[[ MATERIAL FOR THIS EXERCISE open ]]

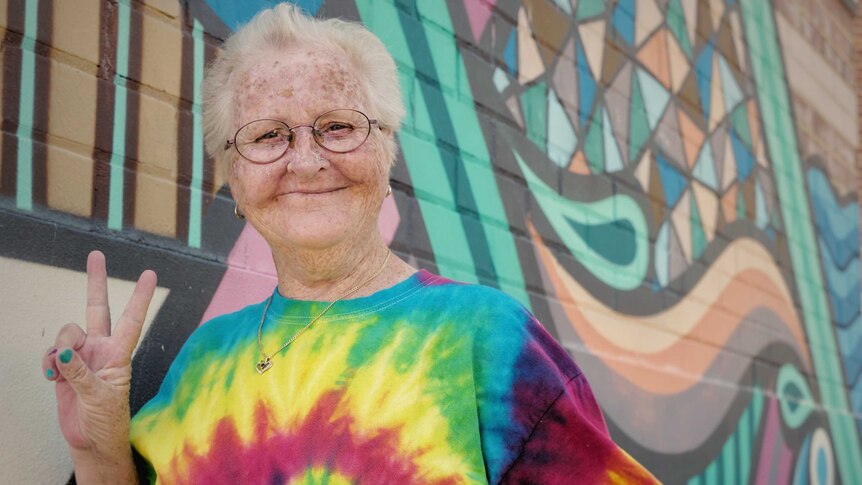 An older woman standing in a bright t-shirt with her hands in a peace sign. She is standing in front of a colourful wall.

[[ MATERIAL FOR THIS EXERCISE closed ]]
[[ MATERIAL FOR THIS EXERCISE open ]]

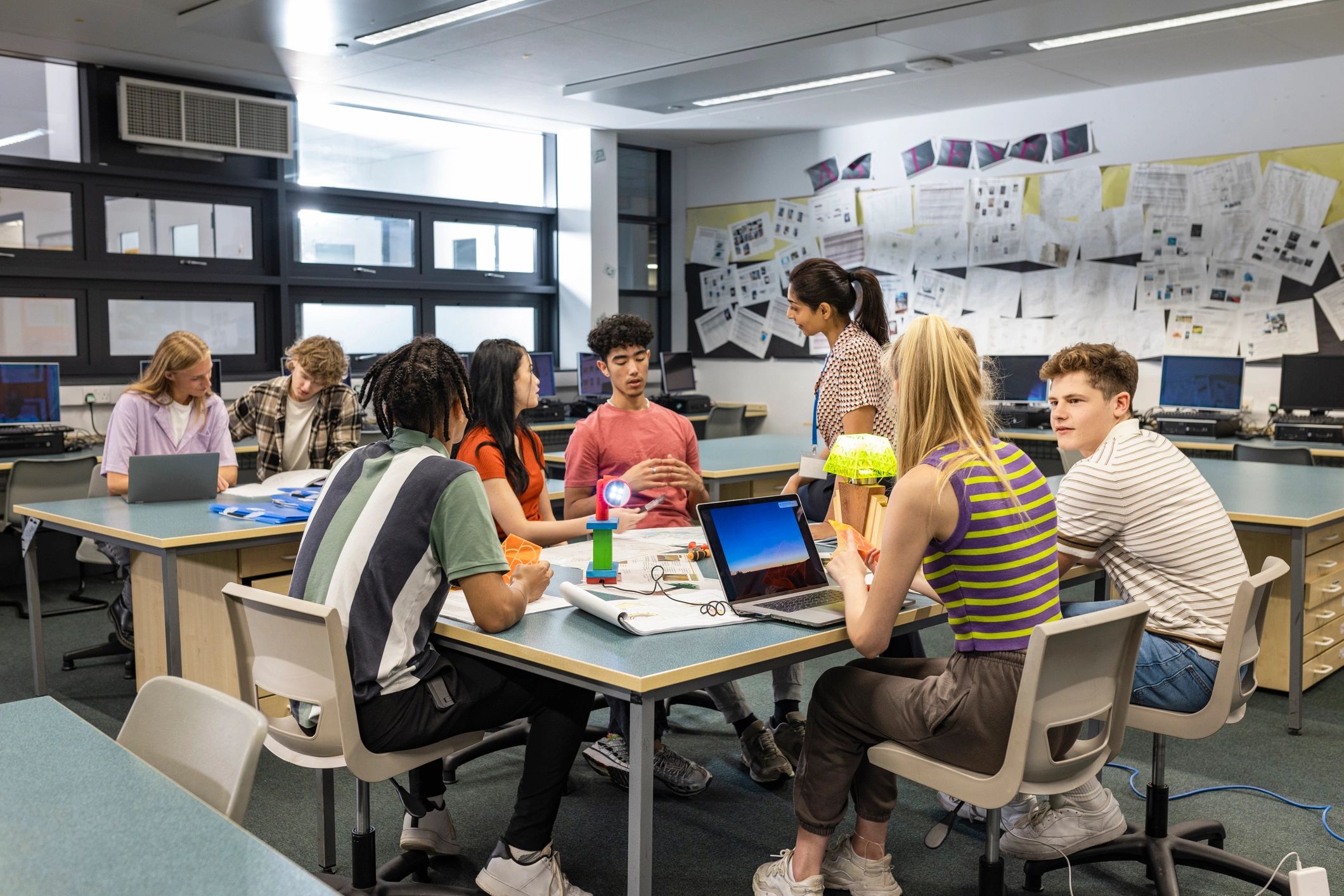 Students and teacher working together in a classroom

[[ MATERIAL FOR THIS EXERCISE closed ]]
[[ MATERIAL FOR THIS EXERCISE open ]]

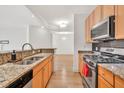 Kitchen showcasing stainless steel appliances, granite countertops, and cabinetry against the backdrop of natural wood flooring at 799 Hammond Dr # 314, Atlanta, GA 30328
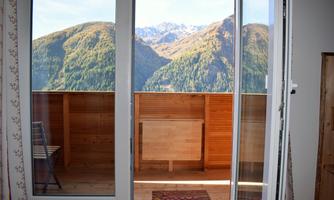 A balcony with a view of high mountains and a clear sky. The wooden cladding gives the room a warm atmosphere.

[[ MATERIAL FOR THIS EXERCISE closed ]]

All that is wanted is the lines above between the one containing "Kitchen showcasing stainless" and the one containing "A balcony with", inclusive, restated word for word, with pictures omitted.

■ **FINISHED TASK**
 Kitchen showcasing stainless steel appliances, granite countertops, and cabinetry against the backdrop of natural wood flooring at 799 Hammond Dr # 314, Atlanta, GA 30328
 A balcony with a view of high mountains and a clear sky. The wooden cladding gives the room a warm atmosphere.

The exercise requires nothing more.